While Joint Base Lewis-McChord is busy prepping for the arrival of some 17,000 soldiers returning from combat operations, a like number of families are preparing to welcome home their loved ones. For an unfortunate few spouses, the welcome will be bitter and harmful.
This was all too evident Saturday afternoon when a female soldier was arrested in Lakewood for allegedly stabbing her husband.

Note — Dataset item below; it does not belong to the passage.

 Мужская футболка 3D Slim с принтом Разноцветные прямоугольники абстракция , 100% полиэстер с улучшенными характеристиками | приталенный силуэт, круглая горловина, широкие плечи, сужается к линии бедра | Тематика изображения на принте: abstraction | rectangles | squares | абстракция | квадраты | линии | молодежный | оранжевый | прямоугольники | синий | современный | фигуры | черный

Domestic violence is a societal cancer that is heedless of factors such as income, ethnicity, religion or military status. And while males tip the scales as aggressors, this incident highlights the fact that domestic violence is an issue for both sides of the gender fence.
Soldiers returning from a war zone, which was the aforementioned soldier’s address just 10 days prior to her arrest, appear especially susceptible to domestic violent incidents.
The reason is simple: combat operations are violent. The rigors and stresses of long, tense days and nights, as well as a heightened sense of aggression necessary for such a climate, become second nature to soldiers in theater.
The Army has been quick to adapt to this trend by setting up counseling for returning soldiers. But with so many thousands of men and women pouring back into the bases’ offices, barracks and counseling centers, even the Army’s vast resources will be stretched to the limit.
These brave men and women have endured hardship and danger. It is our responsibility to ensure that our soldiers have every opportunity to shake the stresses of war and have the homecoming both they and their families deserve.